A blockchain-based and privacy-preserved authentication scheme for inter-constellation collaboration in Space-Ground Integrated Networks

Abstract

Space-Ground Integrated Networks (SGINs) make it convenient for users to access services anywhere. In the space segment, satellite constellations can cooperate to provide better space services. However, due to the lack of trust among different constellations, communication security and privacy protection are important issues that need to be solved during inter-constellation cooperation. In this work, with recent advances of blockchain, we present a trusted and privacy-preserved authentication scheme for inter-constellation collaboration. To preserve privacy, we design permanent and temporary identities for each satellite. The permanent one is used for inner-constellation communication, and the temporary identity is for inter-constellation cooperation, respectively. Meanwhile, satellites generate temporary identities for themselves to avoid privacy leakage. A consortium blockchain is introduced for sharing information among cooperative satellite constellations. Furthermore, to achieve efficient authentication under limited resources, a replica storage node method is proposed, where well-resourced satellites cache the replicated information shared through the blockchain.

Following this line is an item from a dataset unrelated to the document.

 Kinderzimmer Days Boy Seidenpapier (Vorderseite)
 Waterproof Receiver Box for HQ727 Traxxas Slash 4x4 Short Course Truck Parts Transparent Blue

The replica storage node selection is formulated as an integer programming problem and solved with a branch and bound algorithm. Security analysis, including formal analysis using BAN Logic and informal verification, shows that the proposed authentication scheme is secure against various potential attacks. A comparative analysis among the proposed scheme and other blockchain-based schemes shows that the proposed scheme achieves efficiency in signaling, computation, and communication overheads with more functionality attributes. In addition, evaluations also demonstrate that the proposed on-board caching scheme achieves low communication latency and storage cost.